Creo que en el último sitio en el que podrían encontrarme es en un crucero por el Mediterráneo, el Caribe o el estanque del parque de la Ciutadella, tanto da. La decoración hortera, llena de dorados y estrellitas, la figura del animador y un ambiente festivalero decadente me provocan un rechazo que no tienen por qué compartir. Además, me mareo en barco.

Mientras escribía el párrafo anterior, resonaba en mi cabeza la musiquilla de «Vacaciones en el mar». En su versión original, se llamaba «The Love Boat» porque todos los artistas invitados acababan enamorados entre sí como tortolitos al final de cada episodio. Razón de más para contemplar con recelo esta manera de pasar unas vacaciones.

Pero… A ver, que cada uno se goza como quiere y he conocido a verdaderos entusiastas del crucerismo, que se lo pasan pipa con las ocurrencias de los animadores y las distracciones de a bordo, y que consideran haber visitado una ciudad saliendo en tropel por la mañana y regresando en tropel por la tarde, aunque luego confundan el Pireo con Estocolmo. Si se lo pasan bien, adelante.

Sin embargo, en Barcelona, el asunto de los cruceros trae cola. El Ayuntamiento por un lado y las autoridades portuarias por el otro se han enredado en una polémica en la que se ha apuntado hasta el Tato y que, echándole un vistazo por encima, carece de argumentos contrastados y abunda en tópicos. Es decir, sigue la tónica de tantos otros debates que ocurren en Barcelona alrededor de las cosas de Barcelona.

Resulta que Barcelona se ha convertido en una ciudad turística. No descubro nada. Se vienen un montón de turistas cada año a ver la Gran Mona de Pascua (la Sagrada Família) y el Camp Nou, dispuestos a unirse a las tradiciones locales, como el botellón, el andar borrachos por la Plaza Real o el Paseo Marítimo, las despedidas de soltero y ese comer calamares a la romana de goma de neumático en las Ramblas, o una paella congelada, a veinte pavos la ración.

Esto, como es de suponer, pone a la población indígena ante problemas largo tiempo anunciados, pero siempre pendientes de resolver. Por ejemplo, los apartamentos turísticos. También, el ruido y el incivismo. O la desaparición de los comercios del barrio, los que imprimían carácter a la ciudad, que ahora venden camisetas del Barça y toros de «trencadís». O la muchedumbre en chanclas que nos priva de pasear por el parque Güell.

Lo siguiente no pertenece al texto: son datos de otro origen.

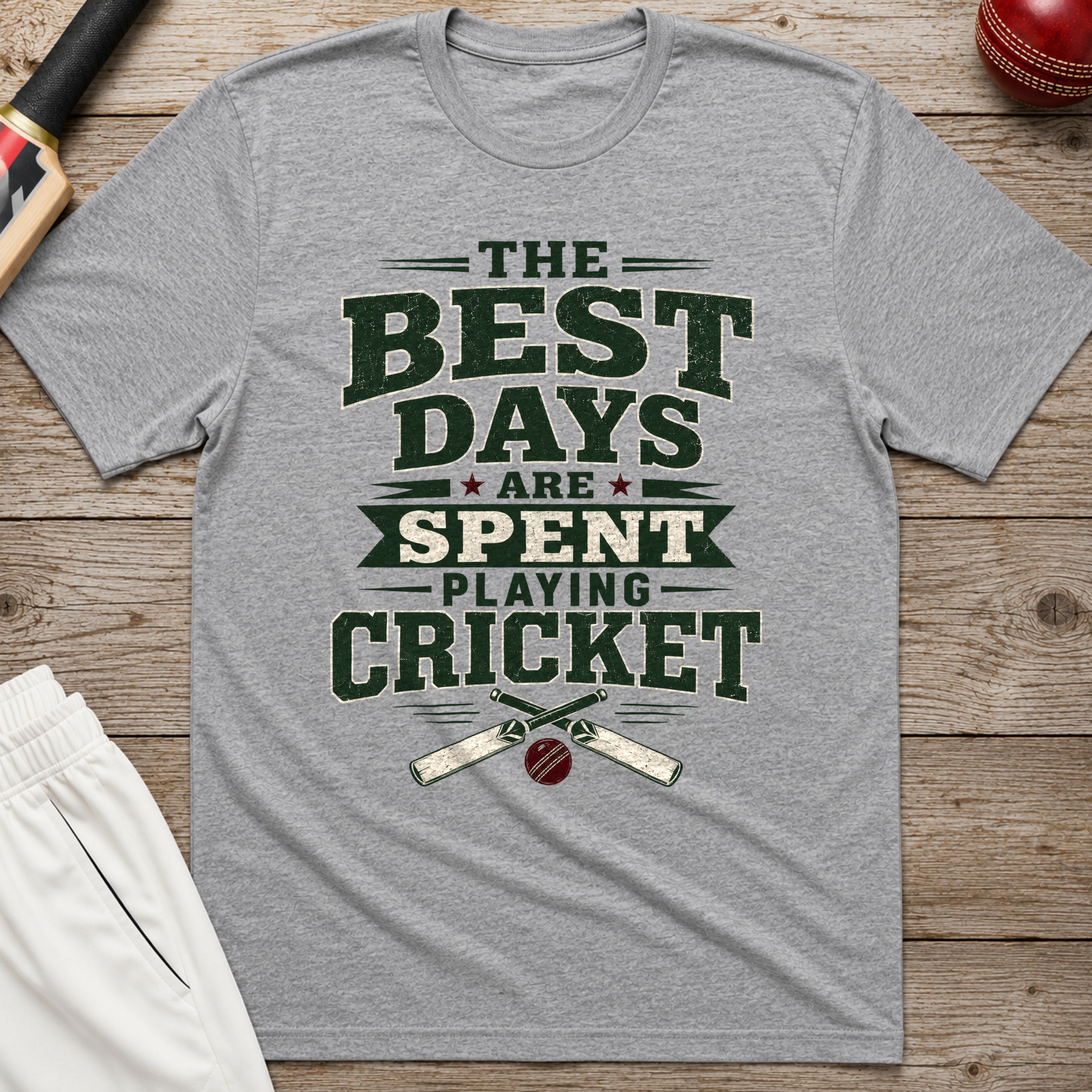 The Best Days Are Spent Playing Cricket T-Shirt - Sport Grey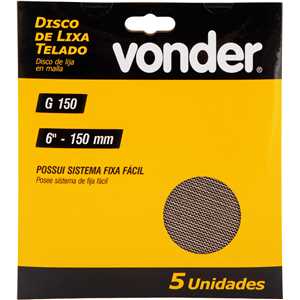 Disco de lixa telado, 6" - 150 mm, grão 150, embalagem com 5 peças, VONDER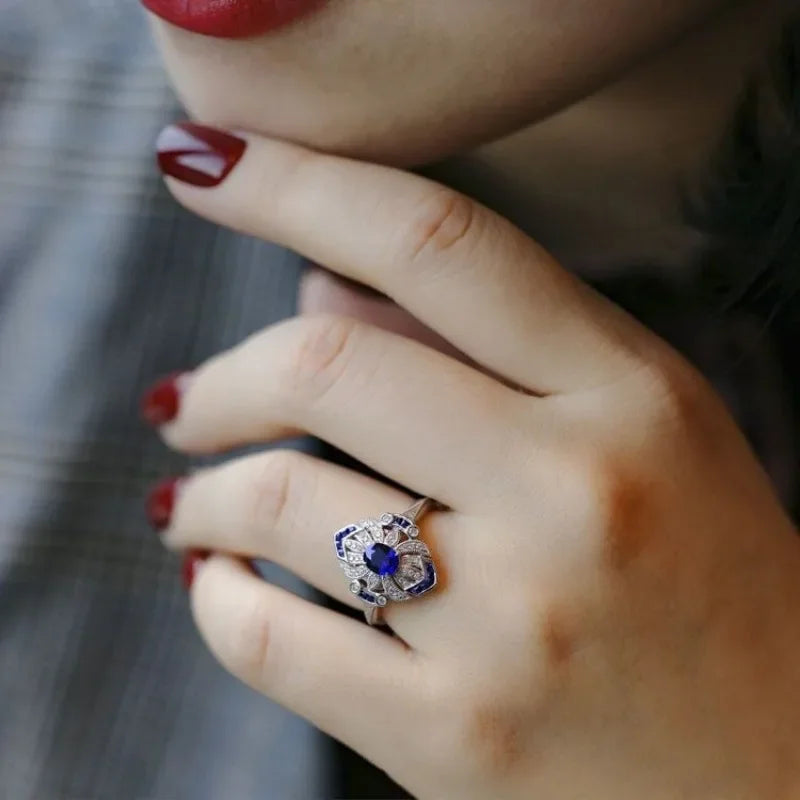 CZTICLE® Fashion classic luxury women's light blue sapphire ring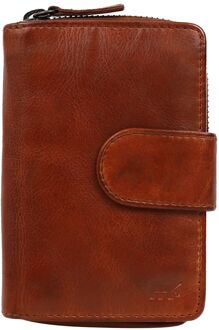 Bear Design Cow Lavato Leren Dames Ritsportemonnee - Cognac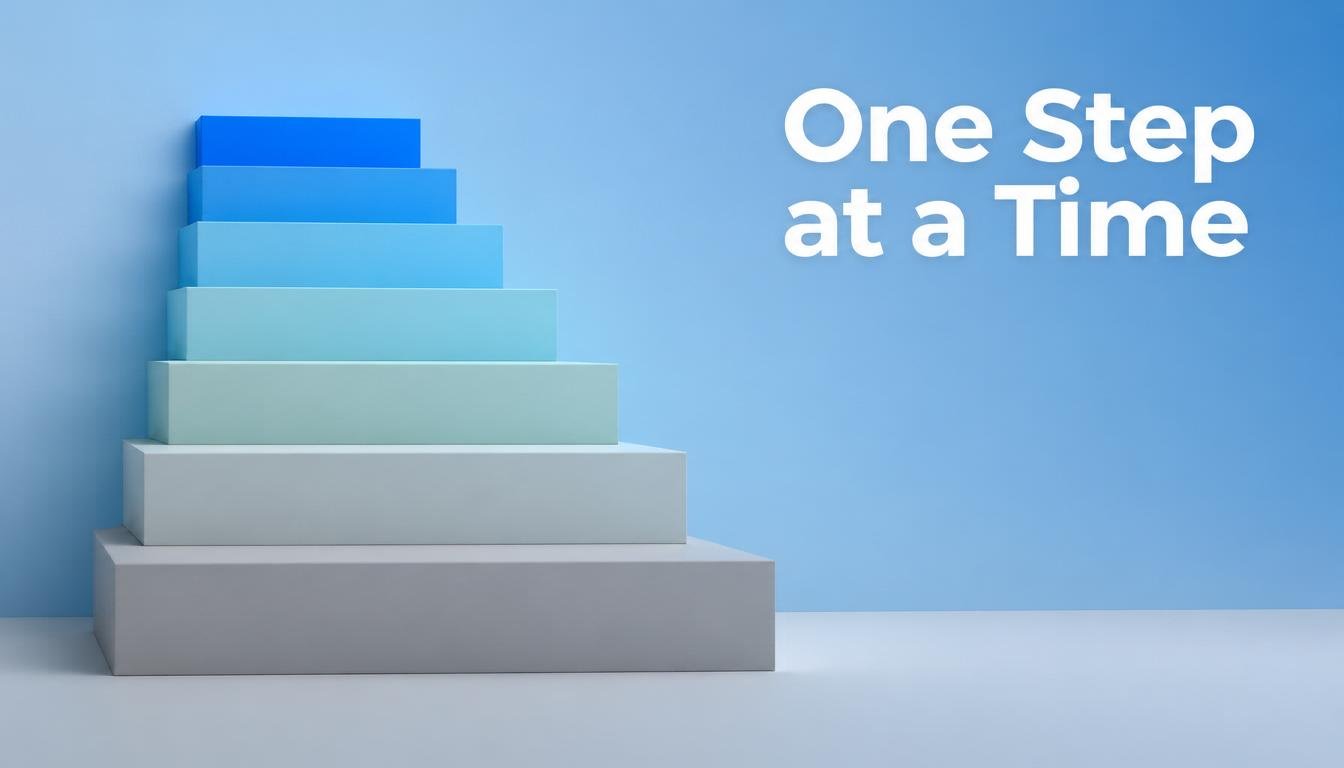 Blue staircase blocks showing step by step emotional regulation progress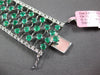EXTRA LARGE 15.20CT DIAMOND & AAA EMERALD 18KT WHITE GOLD CUFF TENNIS BRACELET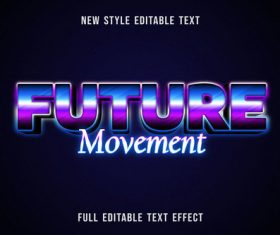 Future movement editable text effect vector
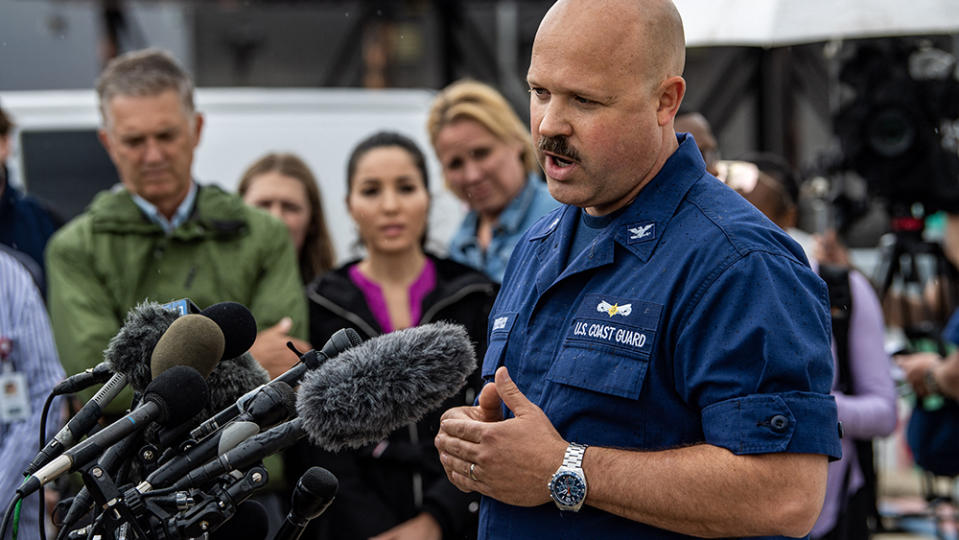 US Coast Guard Captain Jamie Frederick speaks during a press conference about the search efforts for the submersible that went missing near the wreck of the Titanic, at Coast Guard Base in Boston, Massachusetts, on June 20, 2023. The Titan submersible with five people on board has "about 40 hours of breathable air" left, Frederick said Tuesday. (Photo by Joseph Prezioso / AFP) (Photo by JOSEPH PREZIOSO/AFP via Getty Images)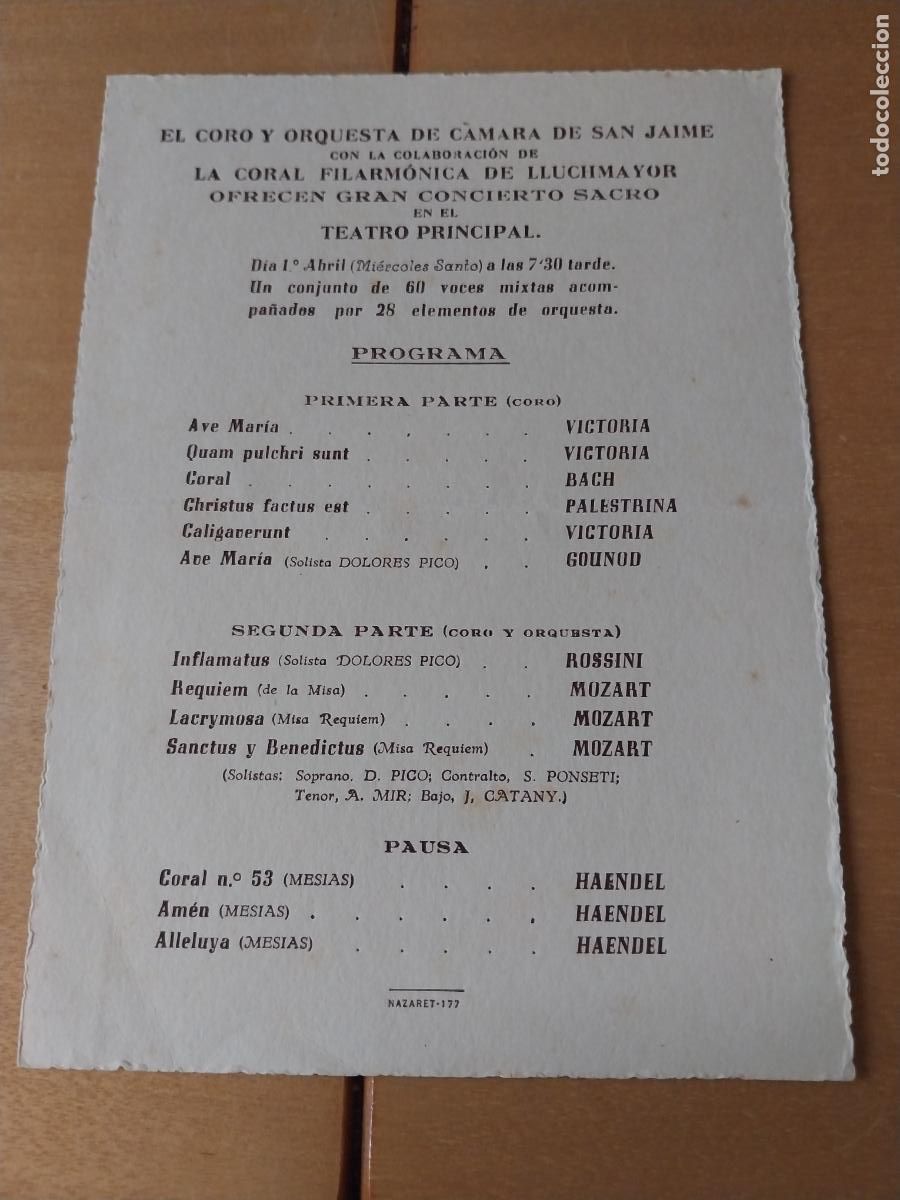 Musique de collection: ORQUESTA Y CORO SAN JAIME CORAL LLUCHMAYOR CONCIERTO TEATRO PRINCIPAL PROGRAMA A&Ntilde;OS 50 17 X 12,5CM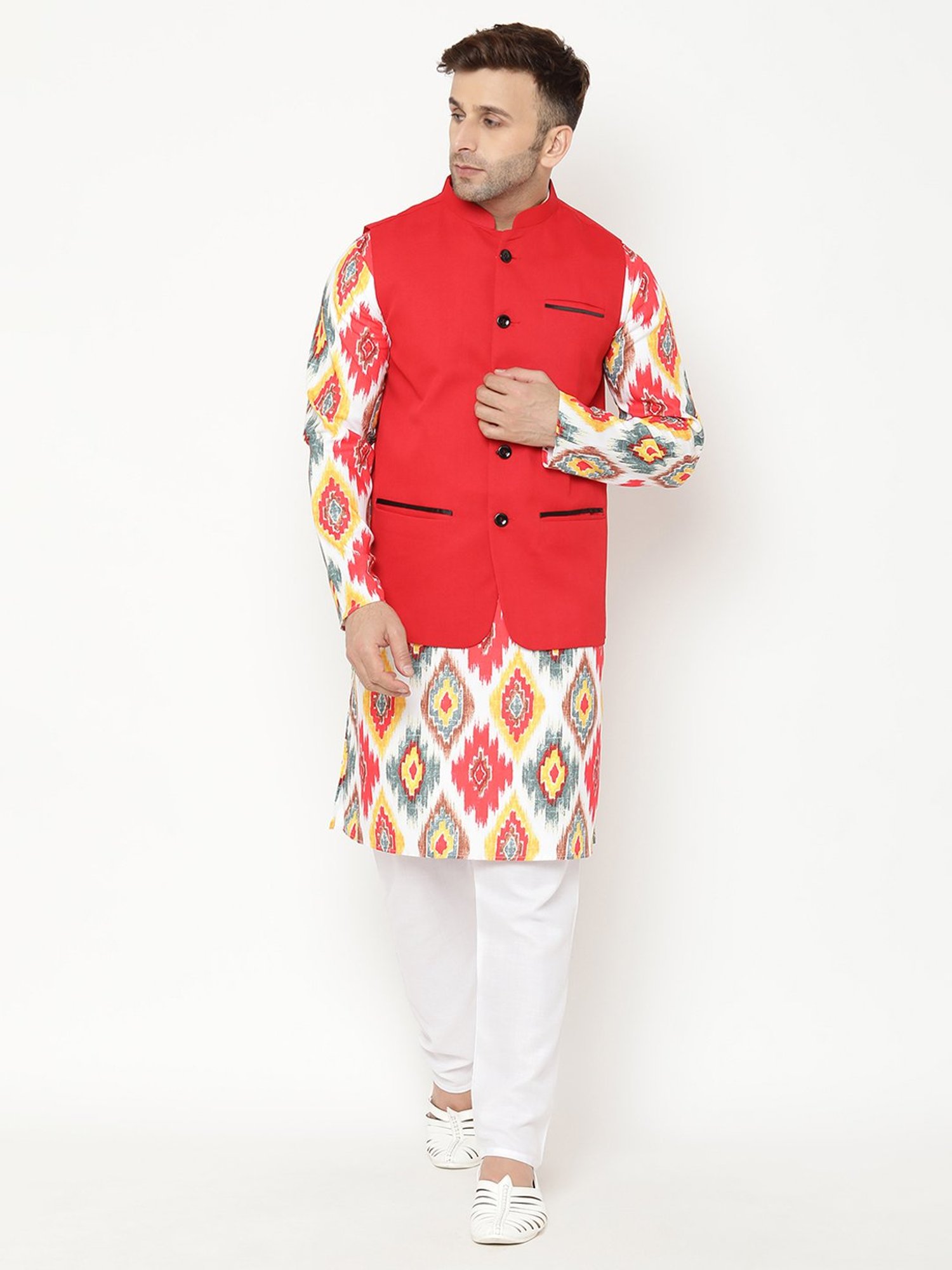 Hangup Multicolor Regular Fit Printed Kurta Bottom & Jacket Set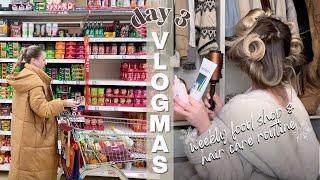 VLOGMAS DAY 3 | food shop & full hair care routine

La convivencia no es fácil y el problema es muy complejo, insisto, pero aquí nos gusta simplificar y preferimos decir burradas a pensar lo que decimos. Y algo de eso, como decía, ha pasado con los cruceros. Se dice que contaminan una barbaridad y que son el paradigma de la masificación turística. La propuesta de limitar los desembarcos de cruceristas la ha puesto sobre la mesa nuestro gobierno municipal, tirando del tópico, con su característica alegría.

Es cierto que llega un crucero y en una hora tienes a mil, dos mil o tres mil personas detrás de un guía recorriendo la ciudad en un tiempo récord, todos al paso, como un regimiento de granaderos. Pero los cruceristas no se hacen pis en los portales ni cantan el himno del Liverpool a las tantas de la madrugada, porque pernoctan en el crucero. También parece que un crucerista gasta más en la ciudad que un turista medio y su visita no perjudican al precio de la vivienda, porque, insisto, no duermen en apartamentos turísticos.

¿Contaminan? Sí, claro, pero ¿tanto como dicen? Los datos del Ayuntamiento, de las autoridades portuarias y de los meteorólogos dicen que la décima parte de la contaminación atmosférica de Barcelona la produce el tráfico marítimo del puerto; la debida a los cruceros no llegaría al 1 %. Además, es una cifra en franco retroceso.

Se dice que las emisiones de dióxido de azufre (SO2) de estos cruceros equivale a la de no sé cuántos miles de automóviles, pero, claro, los automóviles casi no emiten dióxido de azufre y los barcos, sí, todos, porque consumen fuelóleo. Si los cruceros pudieran conectarse a la red eléctrica en vez de tener que mantener sus motores en funcionamiento, este problema se solucionaría en un pispás.

Etcétera.

Lo único que he pretendido decir con estas observaciones es que no podemos ir por la vida con grandes anuncios simplistas que ocultan problemas complejos. Necesitamos otra cosa: datos objetivos y la franca colaboración de todos los implicados. Nadie ha dicho que esto sea fácil, pero el turismo, amigos míos, es un serio problema. No sigamos mareando la perdiz.